Una de las grandes historias de éxito de las últimas décadas, sorprendente, considerando las narrativas racistas y atávicas, es el enorme progreso del África subsahariana.
Sus indicadores de crecimiento económico han sido sostenidos a un 3-4% anual, y con el descenso inicial de las tasas de fecundidad se espera que esto produzca un dividendo demográfico importante las próximas décadas.
El continente, a finales del siglo XX, no presagiaba un ciclo de progreso considerable.
Una colonización acelerada, seguida de una descolonización irresponsable, dejaron a estos países poco preparados para autogobernarse (mucho más severa que la experiencia latinoamericana).
El ciclo de violencia, despotismo y atraso que siguió era el resultado natural.
Este fue agravado por la demanda de recursos naturales que promovió el autoritarismo y los enclaves económicos.
La guerra fría alimentaba los conflictos ya existentes, apertrechando las fuerzas militares y haciendo difícil la resolución orgánica de conflictos internos y promoviendo dictaduras caudillistas afines a su patrono.
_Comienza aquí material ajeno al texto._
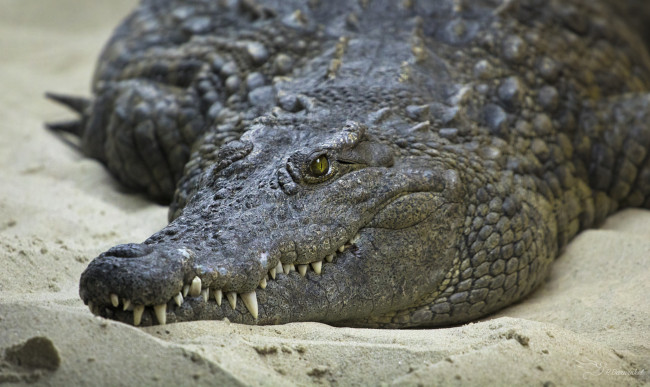 Обои картинки фото животные, крокодилы, песок, берег, зубы, глаза, крокодил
Estados Unidos, Sudáfrica, Francia, Cuba, Arabia Saudita y la Unión Soviética (entre otros) usaron el continente como espacio de acción política y militar para sus propios intereses. Las potencias de Occidente han seguido viendo a África como un objeto de lástima, un problema migratorio (que lo seguirá siendo por algunas décadas), o una fuente de recursos naturales.
Esa imagen negativa tiene algún origen en la realidad, pero cada vez será más incompleta o falsa.